So back to what to do when you feel lost, though.  How do you find yourself when you’re lost?

[00:18:51] What do you do when you don't know where to start to return to yourself? I'm going to give you some ideas and these are not the standard. Like when you Google this and read an article, how do I find myself when I feel lost? There are some pretty simple things there, like, you know, find your values, journal, meditate, get out of your comfort zone, and all of those things. Yes, yes. 

[00:19:12] Yes. Those are great ideas, but it's a little bigger than that. And I want to give you like, kind of the foundation where you need to start, and those tools, journaling, meditation, getting out of your comfort zone, trying new things, meeting new people. Those are all things that will help you, but you must start with the foundation. 

[00:19:32] So the first thing is highly, highly, highly important. You have to love the hell out of yourself. Okay. You have to work on loving all the parts of you. Even the ones that are not very easy to love. These are the things that you've deemed unacceptable, or others have told you are unacceptable. Remember the castle. 

[00:19:58] Those are the rooms that you've locked away. You have to open up all of the rooms, whether or not they're shiny, you know, whether they're shiny or dirty, you have to open them all up. No apologizing for the dirty cellar, right? No apologizing for the clutter or the dust or the windows that have fingerprints and streaks. 

[00:20:17] You follow me. Self-love can feel hard. But it's only because we've been trained that we shouldn't love all the parts. We're trained that we should apologize for parts of ourselves. 

[00:20:32] So to get started with loving all the parts of you. I recommend a journal to record your thoughts. And what I like to do here is do a brain dump into my journal. What are all the thoughts I'm having? Good ones, bad ones, negative ones, critical ones. All the thoughts. 

[00:20:56] A couple of things. First, personally, and for a lot of people that I work with. Just the act of doing that makes you feel a little less anxious because you're able to get it all… I think sometimes it feels like all that stuff is swirling in our head and we can get it out on paper. It just doesn't feel so

[00:21:17] overwhelming. 

[00:21:19] And the second part of it is when you do that, when you get all those thoughts out, You're going to start to just, you know, you just start to notice what's happening in your brain. So you can actually just kind of start to witness what's happening up there. When it's running on autopilot in your brain, you're not going to notice any patterns. You're not going to really pick apart. You're not going to notice a particular thought that is happening over and over again. 

[00:21:47] So right now, you just start to notice that, write those thoughts down and show yourself a little love for the part of you that has those thoughts. Just a little compassion for now. It's a practice, your love and your compassion for those parts of you will grow as you keep practicing this. Okay. So, the first thing….

[00:22:07] you got to love all the parts and it's a practice. It doesn't happen overnight. Okay. I still work on it. I've been working on it for a while.
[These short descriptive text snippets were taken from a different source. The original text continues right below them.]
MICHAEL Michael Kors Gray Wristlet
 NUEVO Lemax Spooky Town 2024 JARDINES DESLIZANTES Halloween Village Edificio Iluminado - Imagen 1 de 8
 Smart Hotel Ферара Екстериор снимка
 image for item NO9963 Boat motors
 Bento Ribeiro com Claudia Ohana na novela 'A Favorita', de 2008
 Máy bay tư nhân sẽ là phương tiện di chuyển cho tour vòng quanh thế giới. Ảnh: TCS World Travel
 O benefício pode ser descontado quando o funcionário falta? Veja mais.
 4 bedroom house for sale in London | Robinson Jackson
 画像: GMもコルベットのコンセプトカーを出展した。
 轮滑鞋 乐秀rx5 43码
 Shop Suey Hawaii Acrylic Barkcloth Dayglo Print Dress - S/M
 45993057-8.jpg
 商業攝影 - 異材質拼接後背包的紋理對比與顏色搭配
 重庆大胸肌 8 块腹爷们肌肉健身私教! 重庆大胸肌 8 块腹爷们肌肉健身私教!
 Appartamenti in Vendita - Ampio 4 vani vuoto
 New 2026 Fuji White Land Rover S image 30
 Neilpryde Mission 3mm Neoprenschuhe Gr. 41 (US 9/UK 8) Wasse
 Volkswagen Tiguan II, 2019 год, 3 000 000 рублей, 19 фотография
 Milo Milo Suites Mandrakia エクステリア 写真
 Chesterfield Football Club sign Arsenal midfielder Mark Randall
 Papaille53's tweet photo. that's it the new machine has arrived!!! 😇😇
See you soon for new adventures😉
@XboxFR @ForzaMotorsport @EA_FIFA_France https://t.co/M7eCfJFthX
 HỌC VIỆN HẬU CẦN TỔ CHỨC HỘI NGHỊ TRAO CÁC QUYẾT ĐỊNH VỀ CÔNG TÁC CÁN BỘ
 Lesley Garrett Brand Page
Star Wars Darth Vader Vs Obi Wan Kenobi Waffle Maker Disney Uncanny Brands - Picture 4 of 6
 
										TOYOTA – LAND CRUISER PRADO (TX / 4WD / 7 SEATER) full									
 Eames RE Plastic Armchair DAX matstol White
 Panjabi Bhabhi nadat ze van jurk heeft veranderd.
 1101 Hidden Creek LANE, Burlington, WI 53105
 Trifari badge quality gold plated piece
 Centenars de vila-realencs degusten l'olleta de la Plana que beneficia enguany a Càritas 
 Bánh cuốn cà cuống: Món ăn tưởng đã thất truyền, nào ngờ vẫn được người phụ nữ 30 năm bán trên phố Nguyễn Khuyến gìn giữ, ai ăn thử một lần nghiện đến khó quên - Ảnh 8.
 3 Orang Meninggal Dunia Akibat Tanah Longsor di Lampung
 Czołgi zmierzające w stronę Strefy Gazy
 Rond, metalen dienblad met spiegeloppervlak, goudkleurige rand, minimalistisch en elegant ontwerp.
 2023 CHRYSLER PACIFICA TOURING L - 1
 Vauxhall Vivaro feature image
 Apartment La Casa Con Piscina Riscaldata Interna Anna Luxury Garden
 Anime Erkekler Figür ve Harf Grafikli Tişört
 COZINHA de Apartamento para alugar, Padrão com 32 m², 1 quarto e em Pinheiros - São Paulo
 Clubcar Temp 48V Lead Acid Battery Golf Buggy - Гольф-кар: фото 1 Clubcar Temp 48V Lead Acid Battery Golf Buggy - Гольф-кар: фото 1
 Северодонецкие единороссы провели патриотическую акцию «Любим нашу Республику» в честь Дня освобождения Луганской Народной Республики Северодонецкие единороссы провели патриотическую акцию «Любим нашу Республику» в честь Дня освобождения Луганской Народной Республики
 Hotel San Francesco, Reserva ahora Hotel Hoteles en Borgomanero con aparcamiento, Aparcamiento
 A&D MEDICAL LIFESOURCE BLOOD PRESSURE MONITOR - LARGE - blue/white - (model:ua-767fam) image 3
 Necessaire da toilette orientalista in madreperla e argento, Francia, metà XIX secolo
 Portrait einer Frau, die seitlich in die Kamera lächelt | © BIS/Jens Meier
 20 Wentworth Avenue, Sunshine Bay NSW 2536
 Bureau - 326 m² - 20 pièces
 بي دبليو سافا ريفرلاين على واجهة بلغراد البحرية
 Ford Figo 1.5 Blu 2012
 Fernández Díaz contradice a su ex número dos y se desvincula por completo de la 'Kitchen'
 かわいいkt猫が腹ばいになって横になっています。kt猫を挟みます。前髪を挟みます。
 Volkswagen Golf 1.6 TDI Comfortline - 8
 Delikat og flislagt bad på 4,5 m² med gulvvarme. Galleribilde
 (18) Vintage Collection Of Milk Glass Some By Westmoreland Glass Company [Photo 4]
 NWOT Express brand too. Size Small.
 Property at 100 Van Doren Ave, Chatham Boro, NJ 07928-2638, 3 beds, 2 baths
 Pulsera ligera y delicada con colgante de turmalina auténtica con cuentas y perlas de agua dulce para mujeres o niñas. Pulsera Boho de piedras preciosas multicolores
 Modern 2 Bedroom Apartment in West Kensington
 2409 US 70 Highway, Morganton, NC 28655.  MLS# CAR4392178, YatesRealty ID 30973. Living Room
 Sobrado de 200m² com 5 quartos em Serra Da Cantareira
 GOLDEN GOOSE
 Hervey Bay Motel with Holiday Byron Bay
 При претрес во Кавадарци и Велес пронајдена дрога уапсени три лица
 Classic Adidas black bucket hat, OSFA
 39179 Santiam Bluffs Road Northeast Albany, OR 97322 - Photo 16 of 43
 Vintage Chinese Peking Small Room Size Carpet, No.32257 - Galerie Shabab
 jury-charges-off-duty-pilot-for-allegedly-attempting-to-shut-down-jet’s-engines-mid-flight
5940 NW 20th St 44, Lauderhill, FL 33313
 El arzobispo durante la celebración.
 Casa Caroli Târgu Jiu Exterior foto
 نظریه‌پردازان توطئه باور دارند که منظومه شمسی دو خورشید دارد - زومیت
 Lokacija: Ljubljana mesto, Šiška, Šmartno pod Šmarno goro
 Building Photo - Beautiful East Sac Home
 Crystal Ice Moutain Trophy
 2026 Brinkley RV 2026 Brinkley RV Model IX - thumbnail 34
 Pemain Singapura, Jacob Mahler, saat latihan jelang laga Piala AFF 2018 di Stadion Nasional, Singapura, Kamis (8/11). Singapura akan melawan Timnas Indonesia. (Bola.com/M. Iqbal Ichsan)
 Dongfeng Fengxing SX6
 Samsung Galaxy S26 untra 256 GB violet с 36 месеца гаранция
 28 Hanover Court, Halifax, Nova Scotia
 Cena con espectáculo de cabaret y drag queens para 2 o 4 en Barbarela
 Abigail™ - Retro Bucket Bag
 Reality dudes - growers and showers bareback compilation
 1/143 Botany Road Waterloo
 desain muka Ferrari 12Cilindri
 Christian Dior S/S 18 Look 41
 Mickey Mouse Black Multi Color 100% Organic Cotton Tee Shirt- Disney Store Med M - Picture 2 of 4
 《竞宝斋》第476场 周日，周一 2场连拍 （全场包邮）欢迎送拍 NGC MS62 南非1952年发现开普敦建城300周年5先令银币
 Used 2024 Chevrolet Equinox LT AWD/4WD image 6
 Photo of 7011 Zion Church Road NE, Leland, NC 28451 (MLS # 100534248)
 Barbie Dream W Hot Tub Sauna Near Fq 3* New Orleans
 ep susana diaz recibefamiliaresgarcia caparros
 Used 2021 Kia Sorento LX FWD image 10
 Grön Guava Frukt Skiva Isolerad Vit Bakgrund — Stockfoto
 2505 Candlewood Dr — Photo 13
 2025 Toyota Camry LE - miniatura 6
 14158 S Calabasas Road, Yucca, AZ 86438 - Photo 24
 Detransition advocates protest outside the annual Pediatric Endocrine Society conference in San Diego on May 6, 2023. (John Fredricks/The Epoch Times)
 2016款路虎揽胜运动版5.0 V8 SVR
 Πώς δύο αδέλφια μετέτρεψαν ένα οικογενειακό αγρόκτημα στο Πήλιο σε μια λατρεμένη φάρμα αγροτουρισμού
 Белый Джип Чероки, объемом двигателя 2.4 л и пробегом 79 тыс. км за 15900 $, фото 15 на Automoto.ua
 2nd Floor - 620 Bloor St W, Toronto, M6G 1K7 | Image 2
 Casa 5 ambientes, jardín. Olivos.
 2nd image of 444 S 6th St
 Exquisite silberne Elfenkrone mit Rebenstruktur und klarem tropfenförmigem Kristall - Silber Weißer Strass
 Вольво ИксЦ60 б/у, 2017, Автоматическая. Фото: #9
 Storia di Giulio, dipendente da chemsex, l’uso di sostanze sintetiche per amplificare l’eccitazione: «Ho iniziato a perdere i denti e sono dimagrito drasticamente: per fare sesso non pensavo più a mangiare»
And there are still parts of me I'm discovering that I really need to work on loving. 

[00:22:21] The second thing. And this is along the lines of noticing, I already mentioned, uh, journaling, and I'm going to expand on that a little bit more in a second, but just staying present or mindful is really, really helpful. , you know, you just want to pay attention to your thoughts and your feelings and just notice what's coming up. 

[00:22:42] What triggered your thought? That's a big one. What triggered it? So let's take one circumstance, for example. One circumstance like. 

[00:22:54] They only had chocolate ice cream. At. Just say Jimmy cone. That's where I live. There's like this awesome ice cream place called Jimmy cone. So they only had chocolate ice cream. One person is going to be ecstatic that there was only chocolate ice cream. Cause that's their favorite ice cream in the whole world. 

[00:23:13] Another person is going to be pissed off because they really wanted the black raspberry, which is awesome by the way. They really wanted the black raspberry and all there is, is chocolate. So, you are going to have different triggers. Say you hate chocolate ice cream. 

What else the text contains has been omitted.